Sept cowboys sont engagés par des fermiers mexicains persécutés par une horde e bandits.

Akira Kurosawa avait réalisé en 1954 un des plus grands films du cinéma japonais, Les Sept samouraïs. Yul Brynner a l’idée de transposer l’histoire dans le far-west des cowboys, et en achète les droits. John Sturges, habitué du genre (Règlements de comptes à OK Corral, Le Dernier train de  Gun Hill), en assure la réalisation. A part la star Brynner, on ne retrouve que des acteurs alors peu connus, mais qui ne le resteront pas longtemps : Steve McQueen (en rivalité avec Brynner pendant le tournage), Eli Wallach, Charles Bronson, James Coburn, Robert Vaughn (Bullitt) – quel casting ! Habillé de la belle partition d’Elmore Bernstein (nommé à l’Oscar), Les Sept mercenaires devient à son tour un classique du cinéma américain. Il préfigure le western spaghetti par son accentuation des codes – d’ailleurs, Wallach, Bronson et Coburn tourneront pour Sergio Leone. A noter que Sturges retrouvera McQueen, Bronson et Coburn dans La Grande évasion en 1963. Les Sept mercenaires connaitra trois suites (1966, 1969, 1972), une série télévisé en 1998, et même un remake en 2016 (sans qu’on en comprenne vraiment l’intérêt).

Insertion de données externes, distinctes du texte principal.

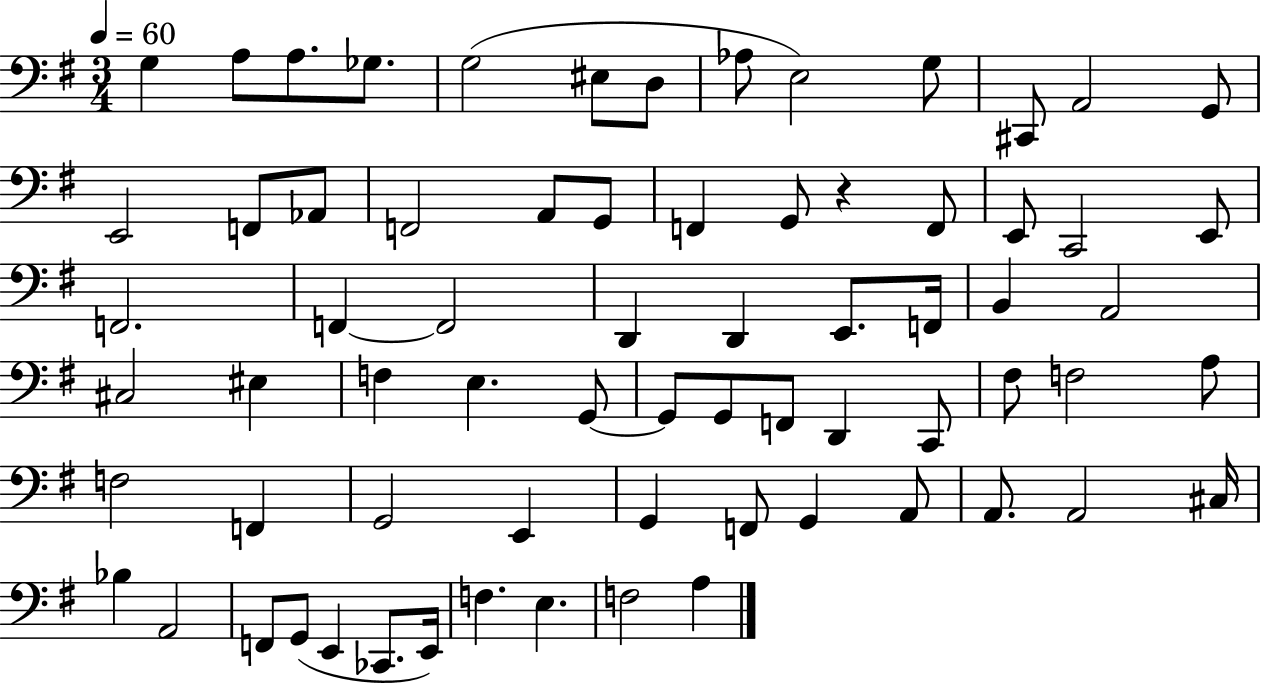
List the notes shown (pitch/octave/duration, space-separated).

G3/q A3/e A3/e. Gb3/e. G3/h EIS3/e D3/e Ab3/e E3/h G3/e C#2/e A2/h G2/e E2/h F2/e Ab2/e F2/h A2/e G2/e F2/q G2/e R/q F2/e E2/e C2/h E2/e F2/h. F2/q F2/h D2/q D2/q E2/e. F2/s B2/q A2/h C#3/h EIS3/q F3/q E3/q. G2/e G2/e G2/e F2/e D2/q C2/e F#3/e F3/h A3/e F3/h F2/q G2/h E2/q G2/q F2/e G2/q A2/e A2/e. A2/h C#3/s Bb3/q A2/h F2/e G2/e E2/q CES2/e. E2/s F3/q. E3/q. F3/h A3/q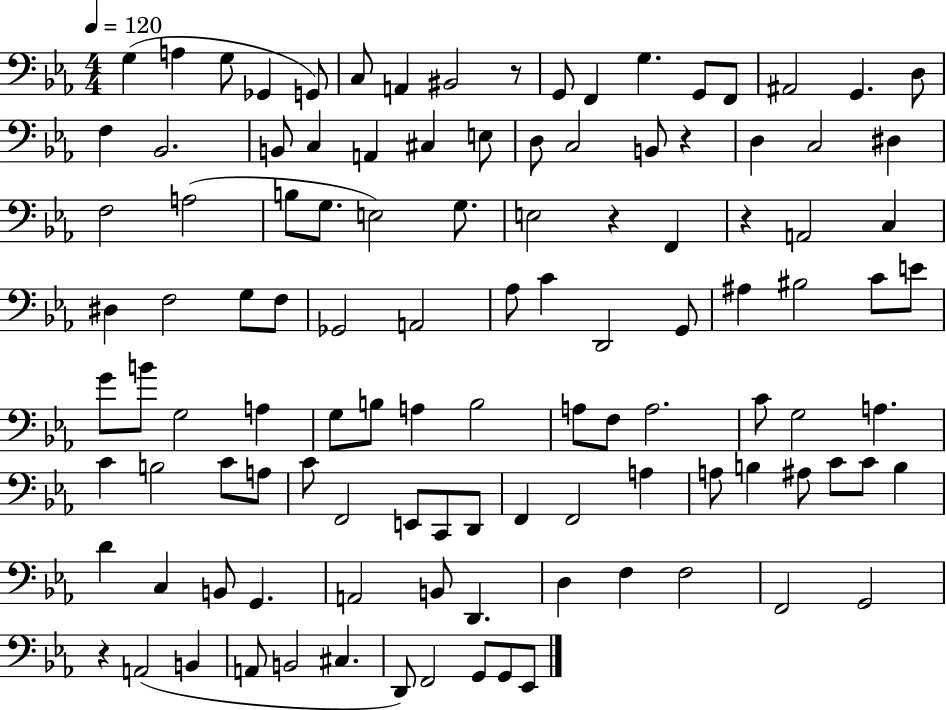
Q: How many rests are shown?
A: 5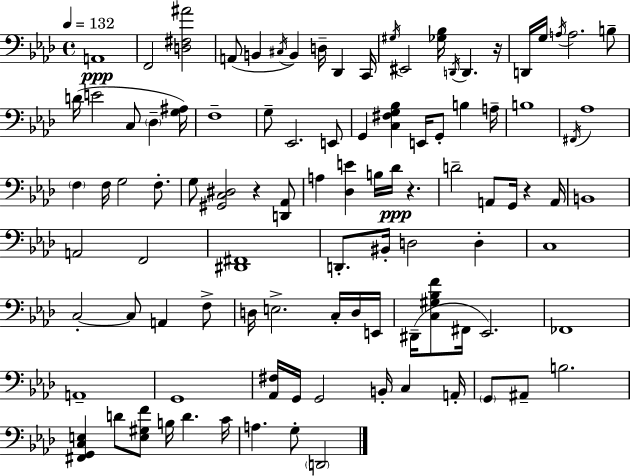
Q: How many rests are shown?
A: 4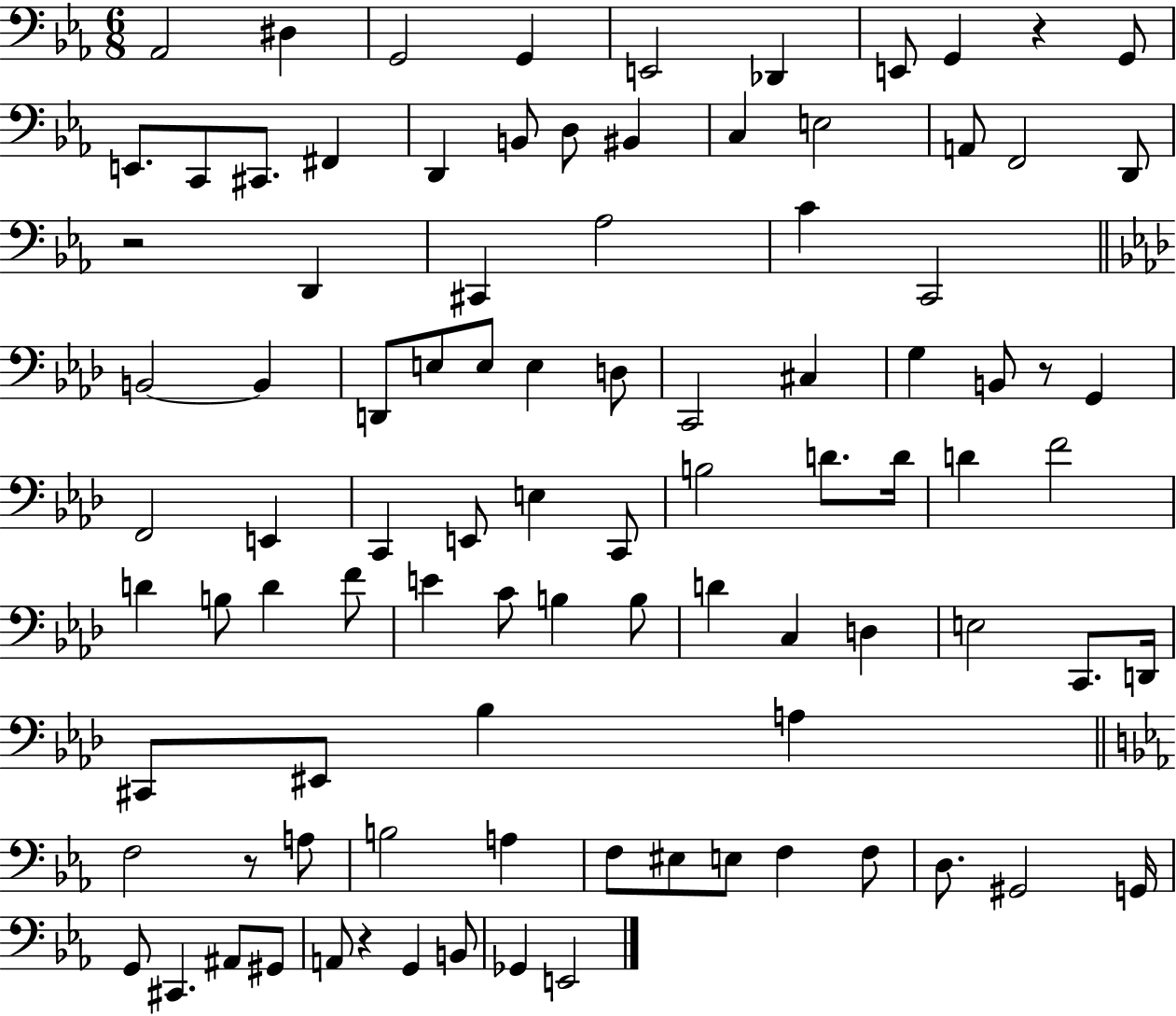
Ab2/h D#3/q G2/h G2/q E2/h Db2/q E2/e G2/q R/q G2/e E2/e. C2/e C#2/e. F#2/q D2/q B2/e D3/e BIS2/q C3/q E3/h A2/e F2/h D2/e R/h D2/q C#2/q Ab3/h C4/q C2/h B2/h B2/q D2/e E3/e E3/e E3/q D3/e C2/h C#3/q G3/q B2/e R/e G2/q F2/h E2/q C2/q E2/e E3/q C2/e B3/h D4/e. D4/s D4/q F4/h D4/q B3/e D4/q F4/e E4/q C4/e B3/q B3/e D4/q C3/q D3/q E3/h C2/e. D2/s C#2/e EIS2/e Bb3/q A3/q F3/h R/e A3/e B3/h A3/q F3/e EIS3/e E3/e F3/q F3/e D3/e. G#2/h G2/s G2/e C#2/q. A#2/e G#2/e A2/e R/q G2/q B2/e Gb2/q E2/h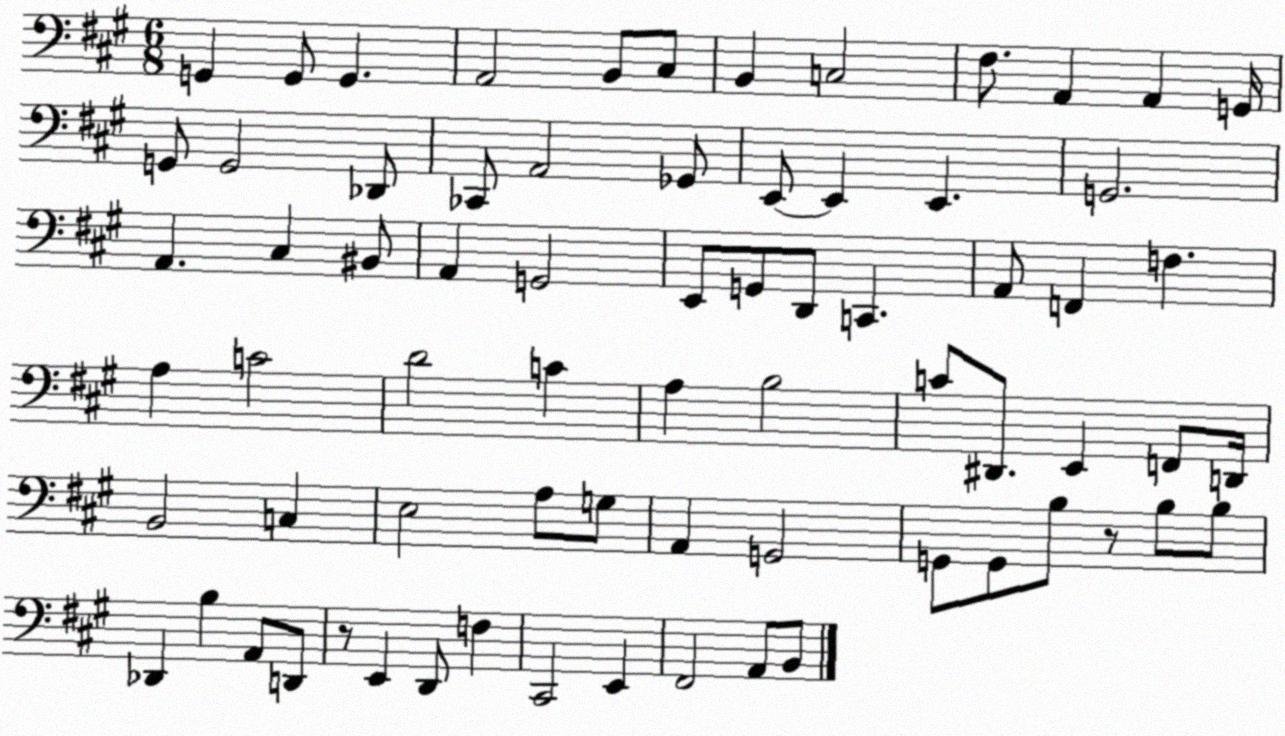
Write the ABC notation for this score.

X:1
T:Untitled
M:6/8
L:1/4
K:A
G,, G,,/2 G,, A,,2 B,,/2 ^C,/2 B,, C,2 ^F,/2 A,, A,, G,,/4 G,,/2 G,,2 _D,,/2 _C,,/2 A,,2 _G,,/2 E,,/2 E,, E,, G,,2 A,, ^C, ^B,,/2 A,, G,,2 E,,/2 G,,/2 D,,/2 C,, A,,/2 F,, F, A, C2 D2 C A, B,2 C/2 ^D,,/2 E,, F,,/2 D,,/4 B,,2 C, E,2 A,/2 G,/2 A,, G,,2 G,,/2 G,,/2 B,/2 z/2 B,/2 B,/2 _D,, B, A,,/2 D,,/2 z/2 E,, D,,/2 F, ^C,,2 E,, ^F,,2 A,,/2 B,,/2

17 avril : Ciné-club Montgomery Clift : The Misfits (Les Désaxés) (1961) – La Rivière Rouge (1948)

LES DESAXES

– 19h : The Misfits (Les Désaxés) (John Huston – 1961 – 124 minutes)

avec Clark Gable, Marilyn Monroe, Montgomery Clift, Eli Wallach, Thelma Ritter

Une femme divorcée et désenchantée se lie avec un groupe de « désaxés » : un cowboy vieillissant, un mécanicien au cœur brisé et un cavalier de rodéo usé par le temps.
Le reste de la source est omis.